Zero worries of course. So likely the API would not work in a usable way over BT/WiFi as the BT/WiFi interface on the ESP32 is not meant for substantial throughput. The who ESP32 chip is architected more for IoT application - where most of the information that is sent/received is metadata in nature (so like JSON files at most, or more typically MQTT). Probably the highest throughput the OAK-D-IoT can support over WiFi is about 8mbps or so - so attempting to run the API over that would likely just never work right.
We don't currently have a high-throughput WiFi DepthAI device, although after learning the hard lesson of the mis-naming here, we have contemplated making one - as we have full TCP/IP support already working natively for DepthAI.

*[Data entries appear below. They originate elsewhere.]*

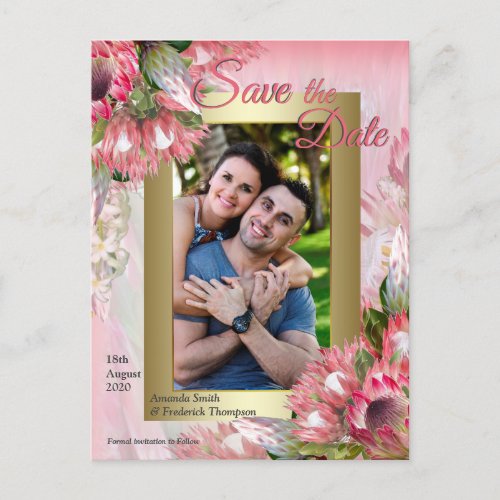 Fuchsia  Proteas with Blush  Gold  Save the Date Announcement Postcard
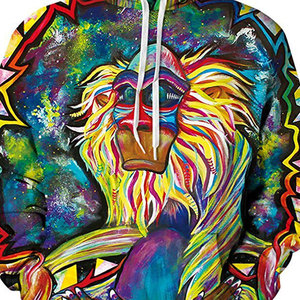 Sweat à capuche thermique d'hiver unisexe, 100% coton, tissu polaire doublé, logo imprimé sur le devant, design personnalisable - Product Image 4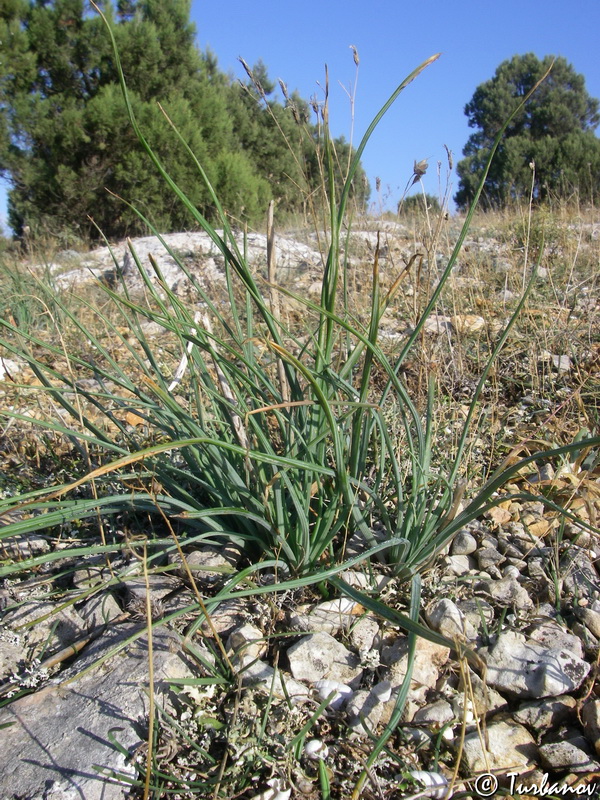 Image of Asphodeline taurica specimen.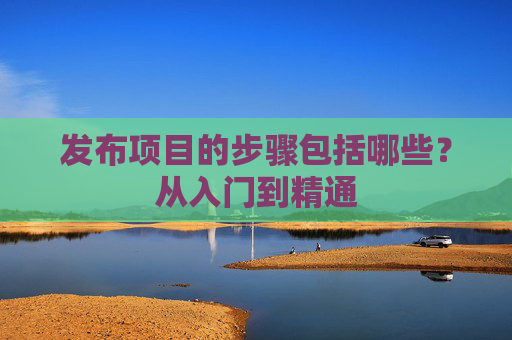 发布项目的步骤包括哪些？从入门到精通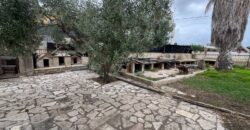 CHALET INDEPENDIENTE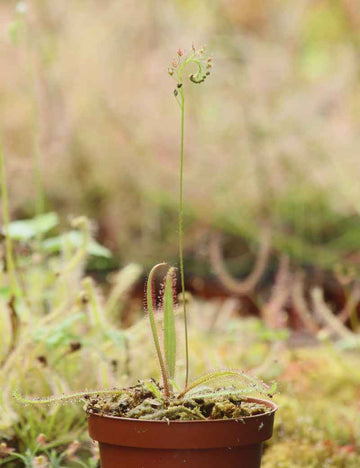 Drosera adelae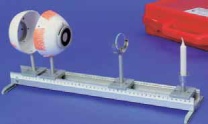 Modell vom menschlichen Auge, physiologisch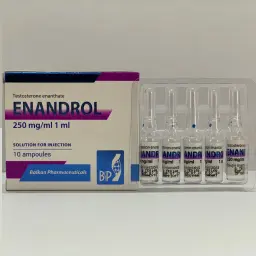 Testosterona E 250 - Enandrol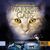 Erin Hunter: Warrior Cats Staffel 2/04. Die neue Prophezeiung. Sternenglanz, 5 CDs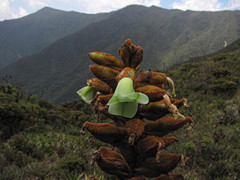 Puya nitida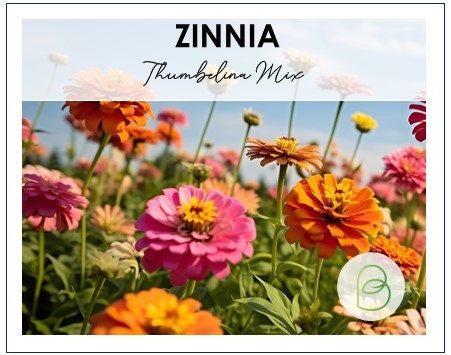Zinnia Thumbelina Mix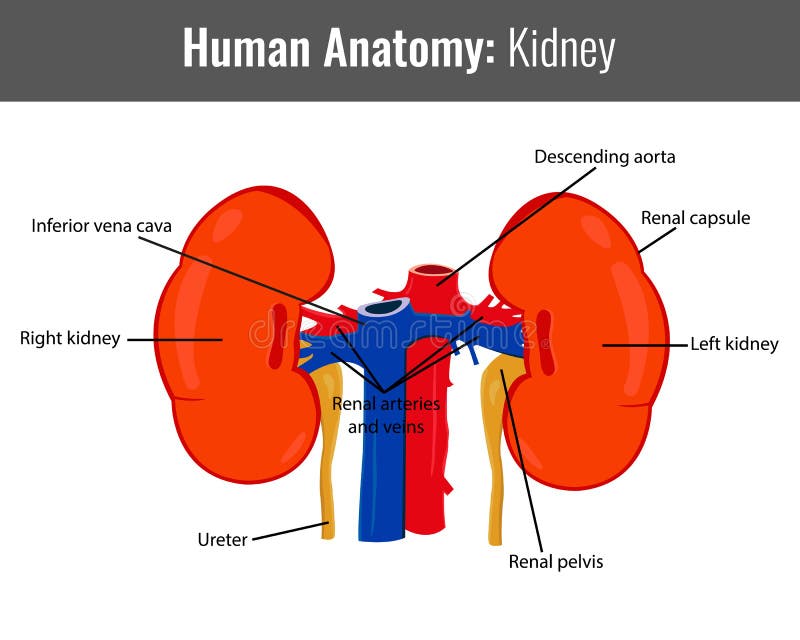 Anatomia do rim no vetor ilustração do vetor. Ilustração de glândula
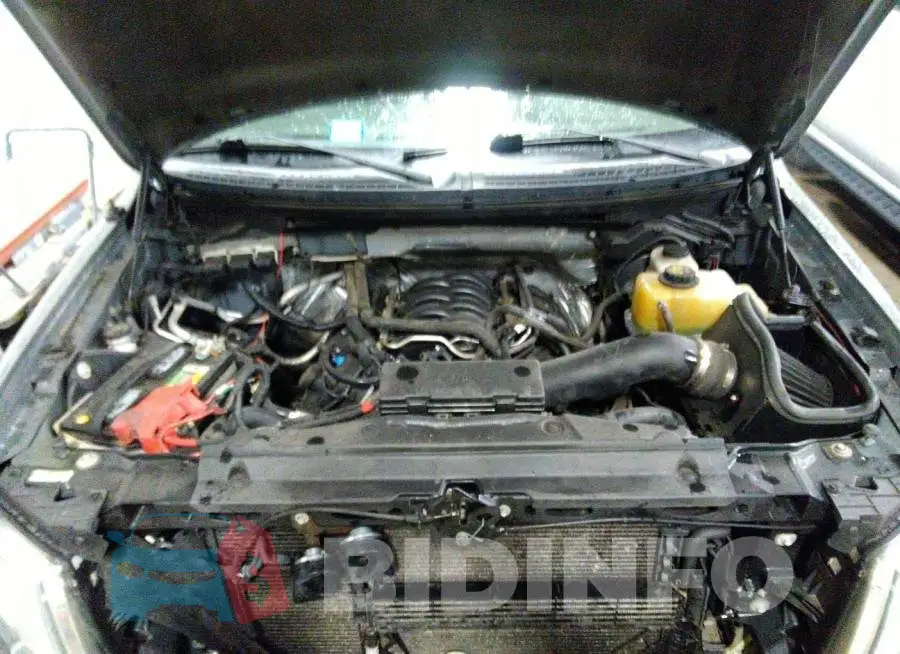 1FTFX1EF9DFD83187 Photo# 10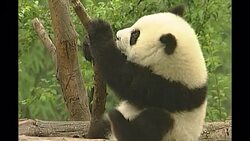 Giant pandas in enclosure News Clip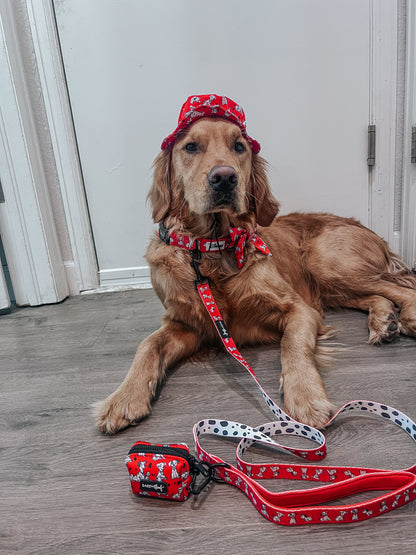 Dog Leash - Disney's 101 Dalmatians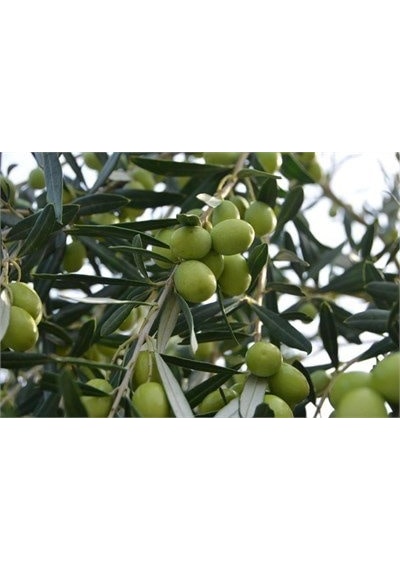 Fidan & Peyzaj - Gemlik Zeytin Fidanı 4 Yaş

If we did that solution, it would likely still be relatively slow - likely 150mbps or so. Which means nearly all streams would have to be compressed.
So the why
of OAK-D-IoT was actually for this:
https://github.com/luxonis/depthai-hardware/issues/9
The idea is more this IoT application, but in this case, allowing a visually impaired person to get feedback from audio or some other (haptic, for example) about their surroundings - what is where, trajectories, etc. So the idea is exactly that of all the processing and API back/forth happens between DepthAI and the ESP32. And then just results like "door is at 3pm, 5 meters" or <activate wrist buzz pattern 5> are the outputs from the device.
So as you say - not for interacting at a high-data-rate way with a computer - but rather running totally standalone, generating insights as a result of spatial AI + CV, and then taking action with those insights (by driving an actuator, making noise, or sending some insight out over BT/WiFi).
So yes, the better name for "OAK-D-WiFi" should have been "OAK-D-Embedded" or "OAK-D-AIoT" or "OAK-D-IoT" as the whole purpose is about having some relatively-small, completely-self-contained spatial AI device.
Thoughts?
Thanks,
Brandon